The pictures do not belong in the copy. Restate all of the records word for word.

Collected data entries
☆ ☆ ☆ ☆ ☆

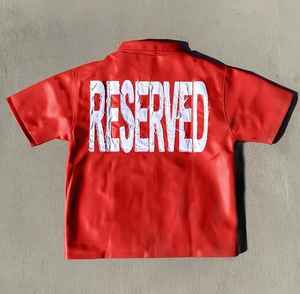 Wholesale 100% Cotton Boxy T <b>Shirts</b> for <b>Men</b> Factory Price Custom Logo Embroidery Thick <b>Collar</b> for Puff Print Oversized Terry - Product Image 4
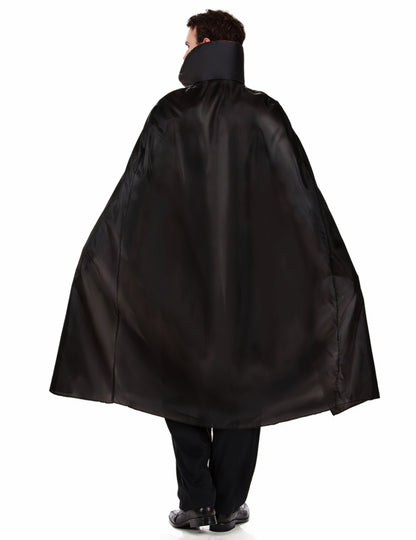 Halloween férfi vörös vámpír álruhája
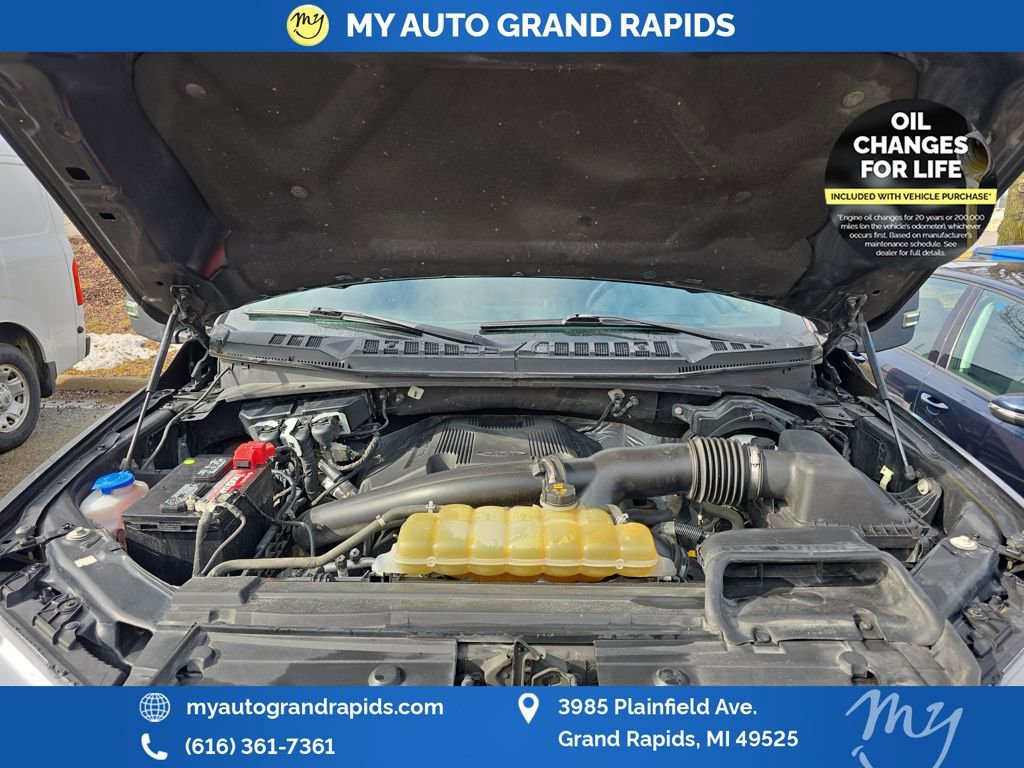 Used 2020 Ford F150 XLT w/ Equipment Group 302A Luxury image 23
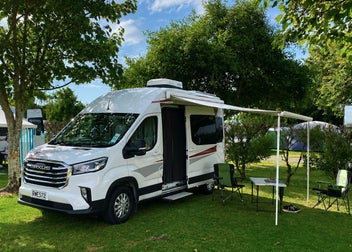 2025 Maxus RV Traveler 9 Motorhome
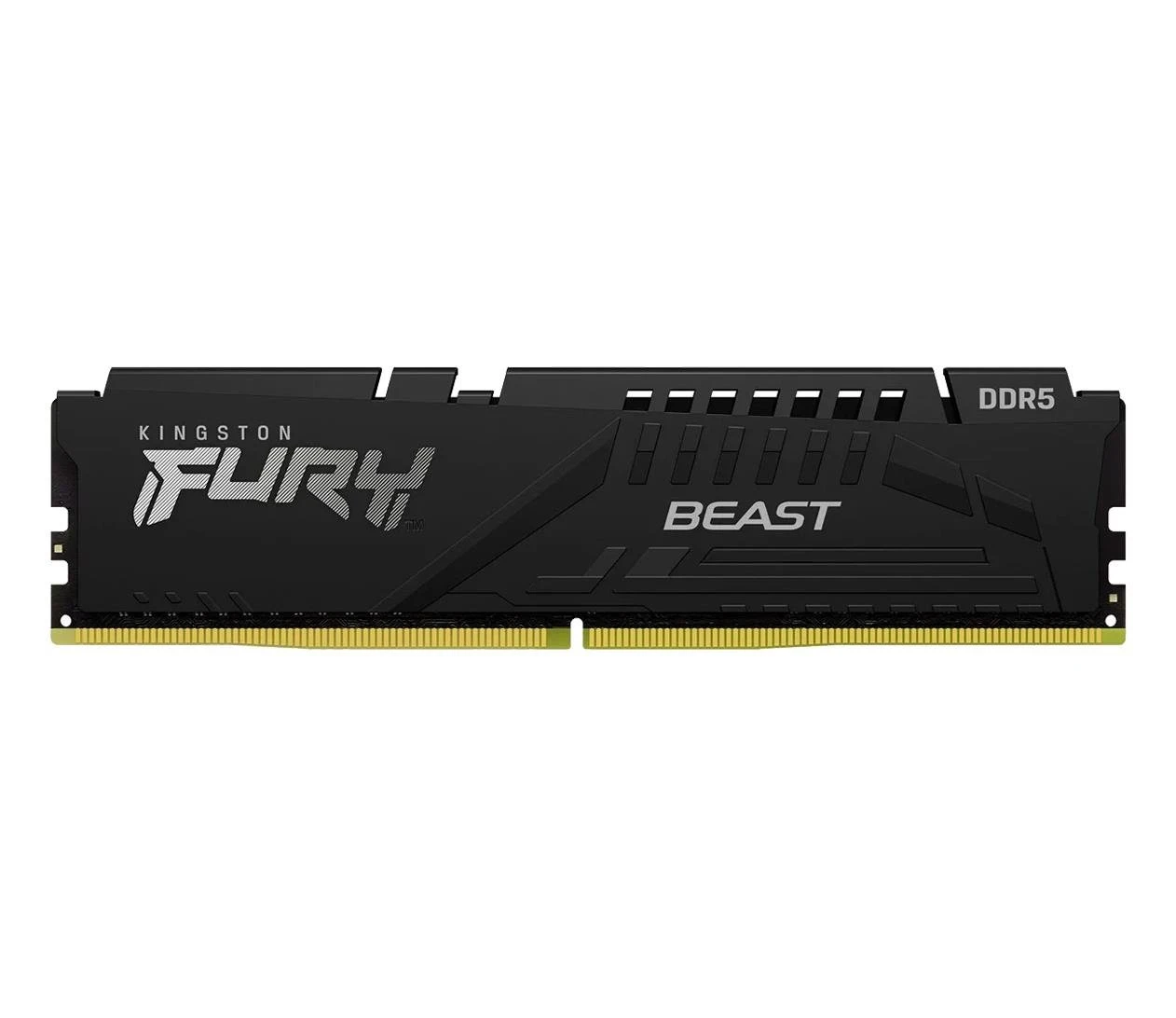 Оперативна пам'ять Kingston FURY 8GB (1x8GB) 5600MHz CL36 Beast Black EXPO (KF556C36BBE-8) EU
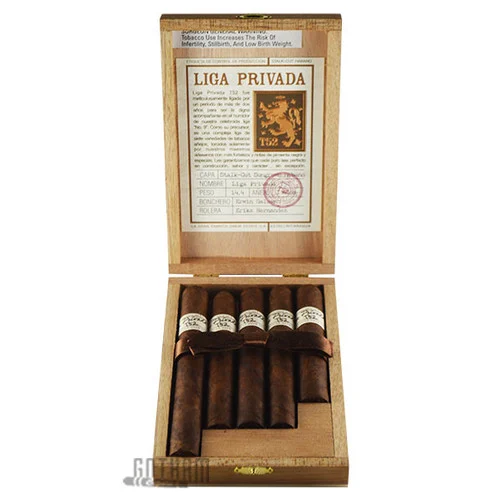 Liga Privada T52 Sampler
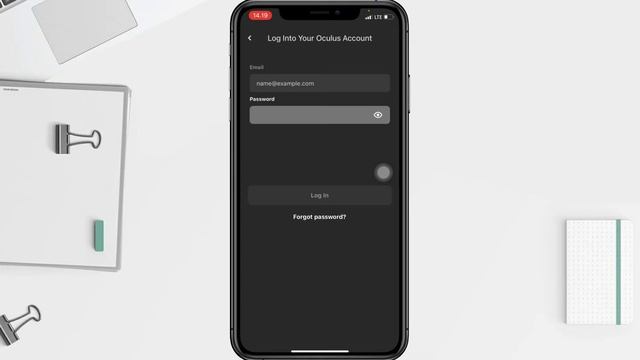 How To Login Oculus App On Iphone смотреть онлайн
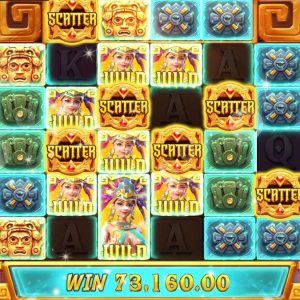 Harta Karun Suku Aztec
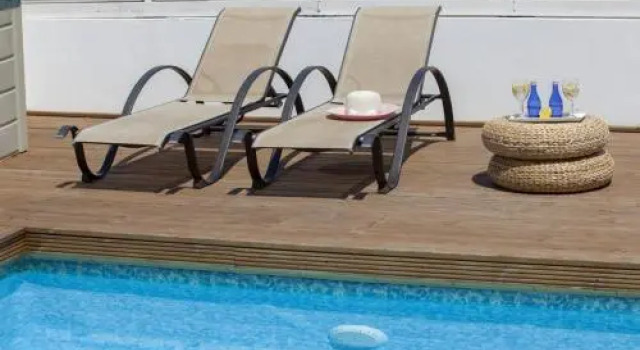 “Luxury Villa with a Private Pool and Garden” Pernera Villa 31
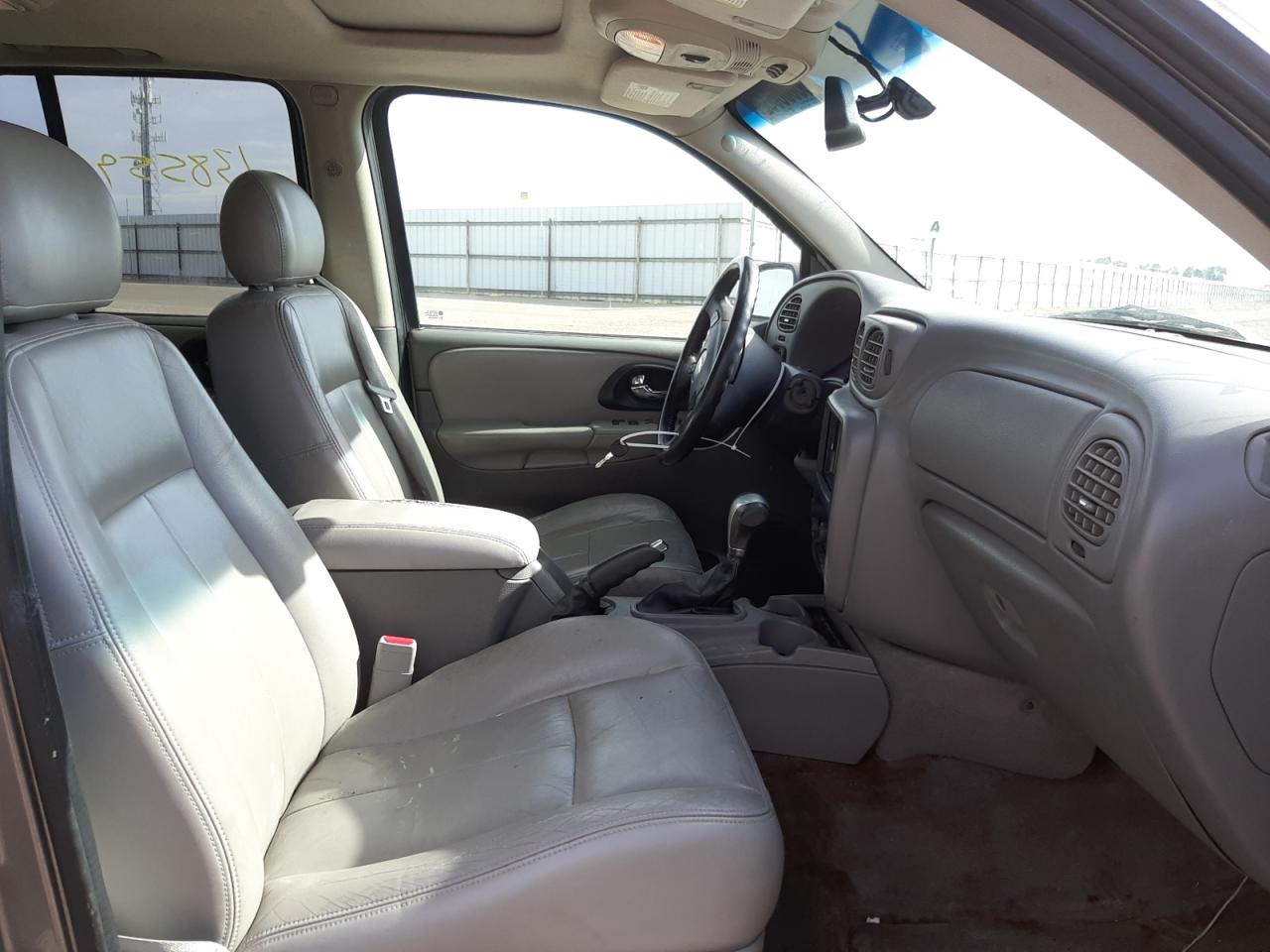 Photo 5 from auction – 2008 CHEVROLET TRAILBLAZE with VIN 1GNES13M882113044
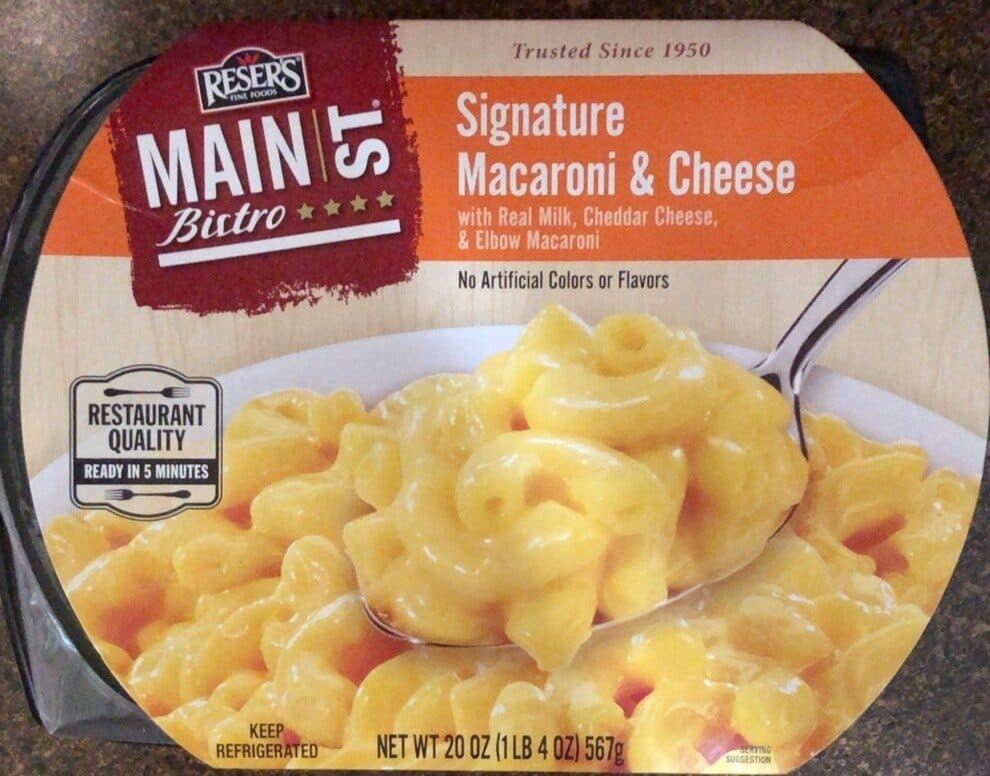 Reser's Signature Macaroni & Cheese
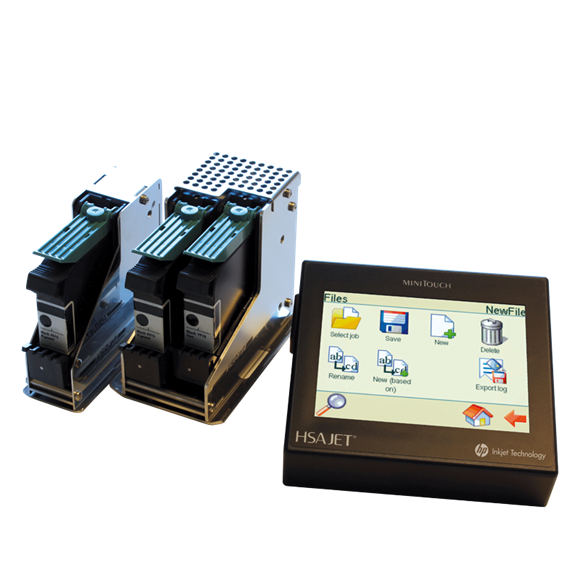 HSA Minitouch Delta Packaging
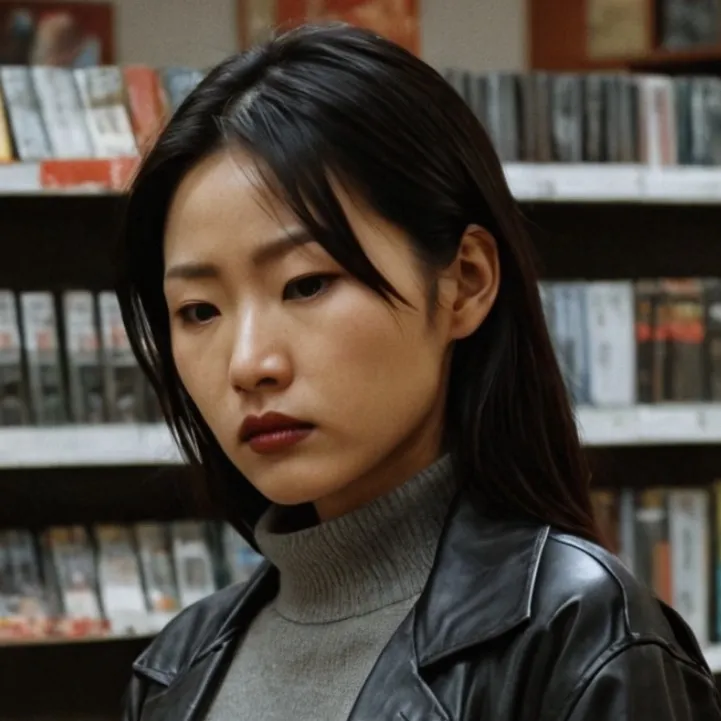 chat with ai character: Hong Sun-ju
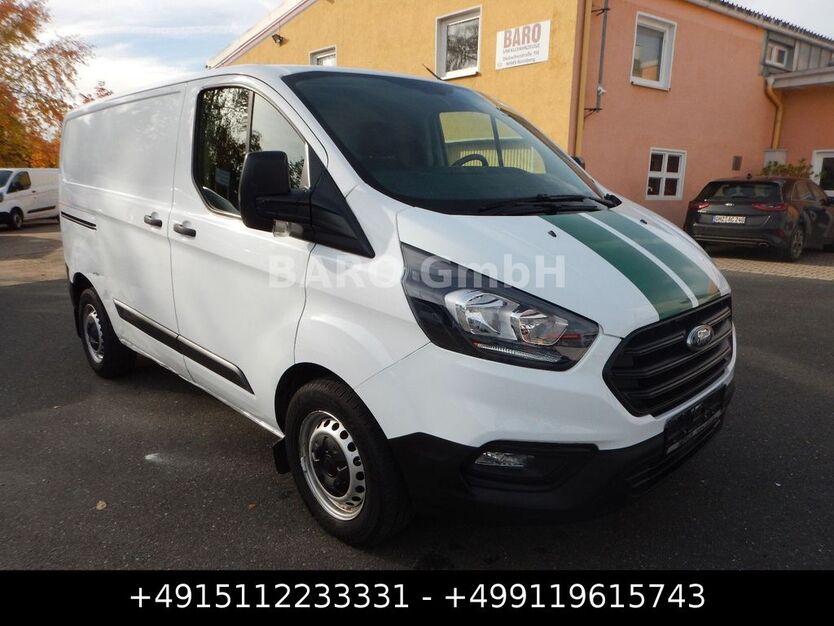 Ford Transit Custom 92.410 km 11.500 € Nürnberg 90449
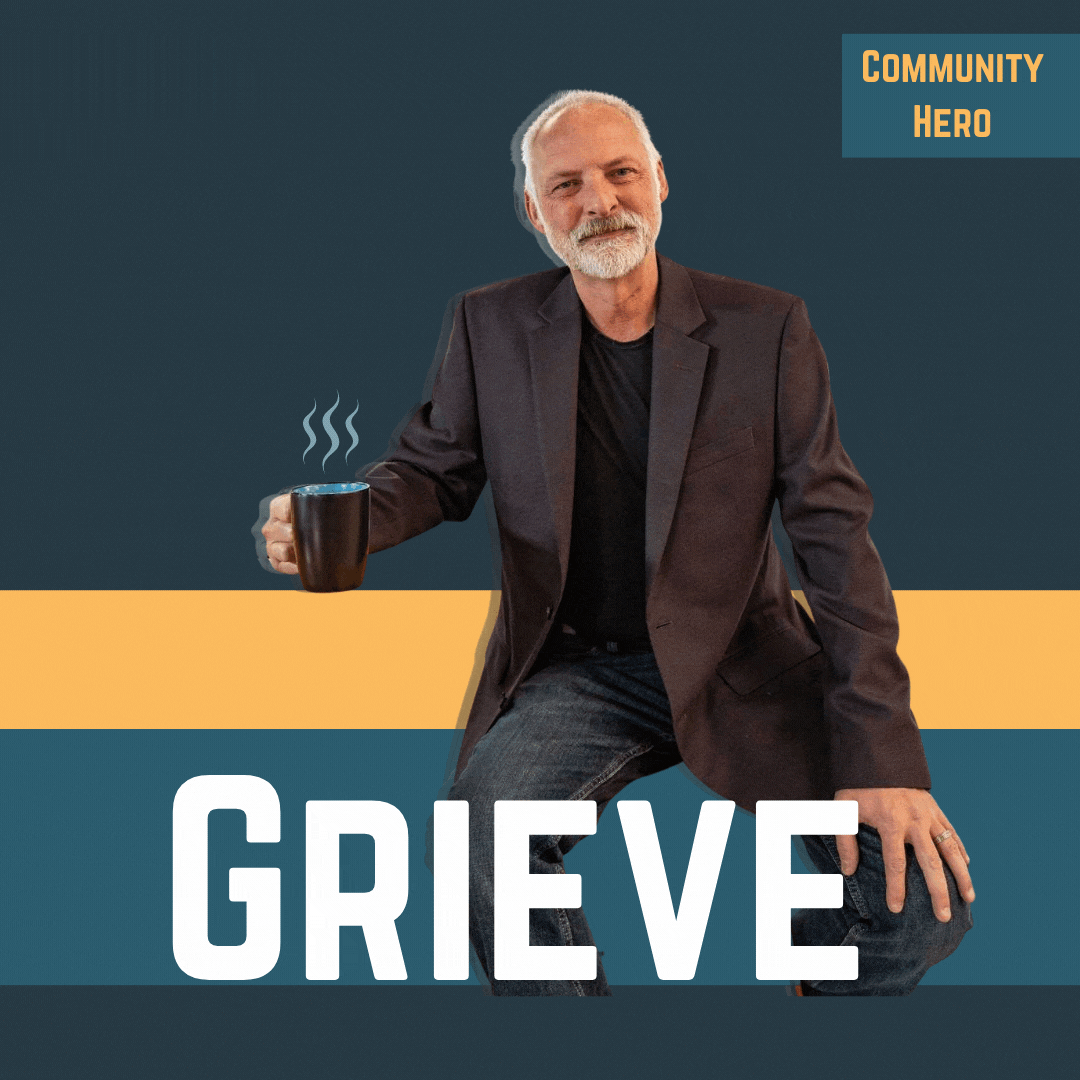 February Community Hero: Rob Grieve
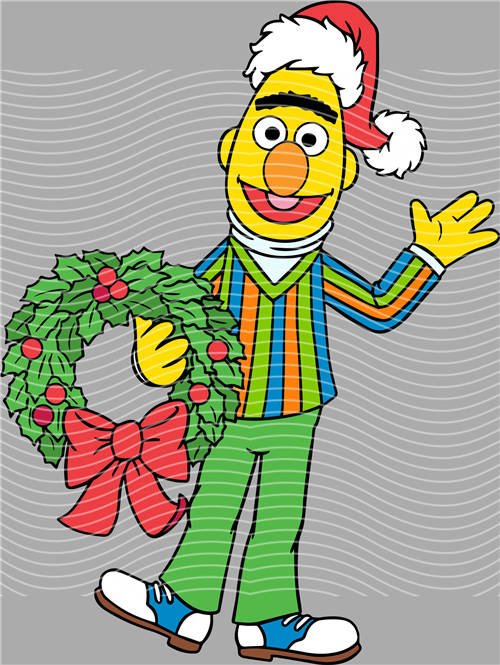 Sesame Street-SM 199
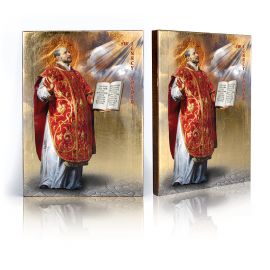 Ikona Święty Ignacy - Święci i Błogosławieni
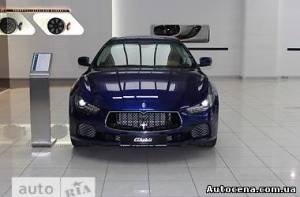 Авто продажа Maserati: Maserati Ghibli S Q4 2014  1 691 000 грн.  Тип транспорта: Легковые Тип кузова: Седан  Пробег: 1 тыс.км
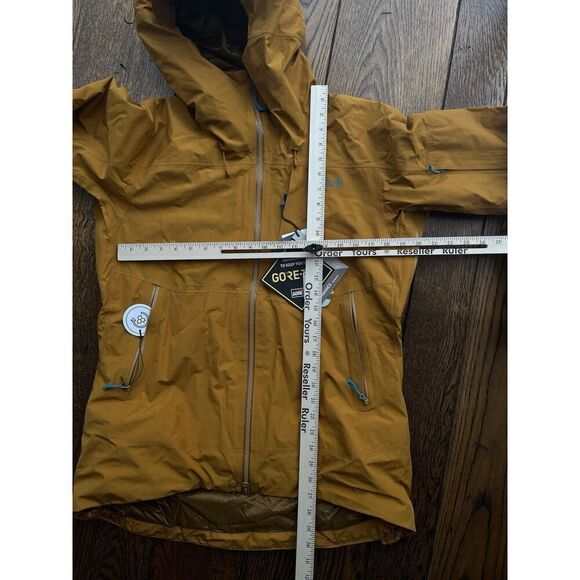 Rab Khroma Volition GORE-TEX Jacket Women's NWT - Large - Picture 6 of 9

☆ ☆ ☆ ☆ ☆

[Output for this exercise]
 Wholesale 100% Cotton Boxy T <b>Shirts</b> for <b>Men</b> Factory Price Custom Logo Embroidery Thick <b>Collar</b> for Puff Print Oversized Terry - Product Image 4
 Halloween férfi vörös vámpír álruhája
 Used 2020 Ford F150 XLT w/ Equipment Group 302A Luxury image 23
 2025 Maxus RV Traveler 9 Motorhome
 Оперативна пам'ять Kingston FURY 8GB (1x8GB) 5600MHz CL36 Beast Black EXPO (KF556C36BBE-8) EU
 Liga Privada T52 Sampler
 How To Login Oculus App On Iphone смотреть онлайн
 Harta Karun Suku Aztec
 “Luxury Villa with a Private Pool and Garden” Pernera Villa 31
 Photo 5 from auction – 2008 CHEVROLET TRAILBLAZE with VIN 1GNES13M882113044
 Reser's Signature Macaroni & Cheese
 HSA Minitouch Delta Packaging
 chat with ai character: Hong Sun-ju
 Ford Transit Custom 92.410 km 11.500 € Nürnberg 90449
 February Community Hero: Rob Grieve
 Sesame Street-SM 199
 Ikona Święty Ignacy - Święci i Błogosławieni
 Авто продажа Maserati: Maserati Ghibli S Q4 2014  1 691 000 грн.  Тип транспорта: Легковые Тип кузова: Седан  Пробег: 1 тыс.км
 Rab Khroma Volition GORE-TEX Jacket Women's NWT - Large - Picture 6 of 9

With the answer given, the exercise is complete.